Comment est-il possible de déterminer si une économie est confrontée à une crise de l’offre ? Il s’agirait d’un pays en prise avec une croissance faible voire inexistante qui se combinerait à un excès d’inflation, c’est ce qui se passe aujourd’hui au Brésil. Par contre, lorsque la croissance ET l’inflation sont faibles, comme cela est le cas aujourd’hui en France, on peut commencer à se poser des questions. Pour y répondre, il suffit d’observer l’évolution de la demande en France depuis 15 ans, pour voir si, par un curieux hasard, il pourrait y avoir un problème :

Evolution de la Demande (PIB nominal trimestriel) par rapport à sa tendance pré-crise (1997-2007)

Ainsi, en prenant simplement comme référence l’évolution de la demande pré-crise, et en l’appliquant à la tendance depuis 2008, il est possible de se rendre compte que le "déficit" de demande en France atteint un chiffre supérieur à 20% du PIB, soit près de 500 milliards d’euros, soit la plus grande crise de la demande depuis les années 1930. En appliquant une politique de l’offre à une telle situation, François Hollande donne une aspirine à un homme en train de se vider de son sang.

Dans le monde occidental, les pays qui ont pratiqué une politique de la demande pour répondre à la crise sont les Etats Unis, le Royaume Uni, et le Japon, qui affichent tous les 3 un taux de chômage inférieur à 5%. Les pays qui ont pratiqué une politique de l’offre conjuguée à une austérité fiscale, pour les plus emblématiques d’entre eux, sont l’Espagne, l’Italie, ou la Grèce. Quand François Hollande dit avoir fait les bons choix, il convient de ne plus l’écouter.

A l’inverse, si le diagnostic de François Hollande est erroné, comment expliquer le retour de la croissance et la baisse du chômage ?

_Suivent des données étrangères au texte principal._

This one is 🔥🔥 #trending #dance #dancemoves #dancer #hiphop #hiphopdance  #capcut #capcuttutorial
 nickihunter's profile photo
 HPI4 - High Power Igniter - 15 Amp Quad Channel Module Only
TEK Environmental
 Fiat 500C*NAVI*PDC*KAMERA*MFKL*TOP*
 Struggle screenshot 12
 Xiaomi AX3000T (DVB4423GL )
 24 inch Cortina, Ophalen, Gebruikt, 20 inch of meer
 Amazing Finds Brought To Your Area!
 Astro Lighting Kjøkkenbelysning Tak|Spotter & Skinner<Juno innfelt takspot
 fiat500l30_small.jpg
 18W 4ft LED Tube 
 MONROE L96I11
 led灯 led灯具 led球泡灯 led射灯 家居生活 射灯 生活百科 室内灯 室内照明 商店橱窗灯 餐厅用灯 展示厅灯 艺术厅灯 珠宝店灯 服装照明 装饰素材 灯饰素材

Parce que l’ironie du sort est que la reprise stimulée par le Banque centrale européenne se matérialise MALGRE François Hollande. Mario Draghi alimente l’économie européenne avec un plan d’assouplissement quantitatif correspondant à plus de 10% du PIB de la zone euro, les méfaits de François Hollande ne sont donc pas suffisants pour contrer un tel choc, ce qui explique largement la baisse du chômage constatée depuis ces derniers mois et la reprise de la croissance. La politique menée par François Hollande correspond bien plus à une tentative d’ajuster l’économie française à une faible demande permanente qu’à une politique de restauration de la demande permettant de voir le pays retrouver pleinement son potentiel de développement. C’est une politique de renoncement, de boutiquier.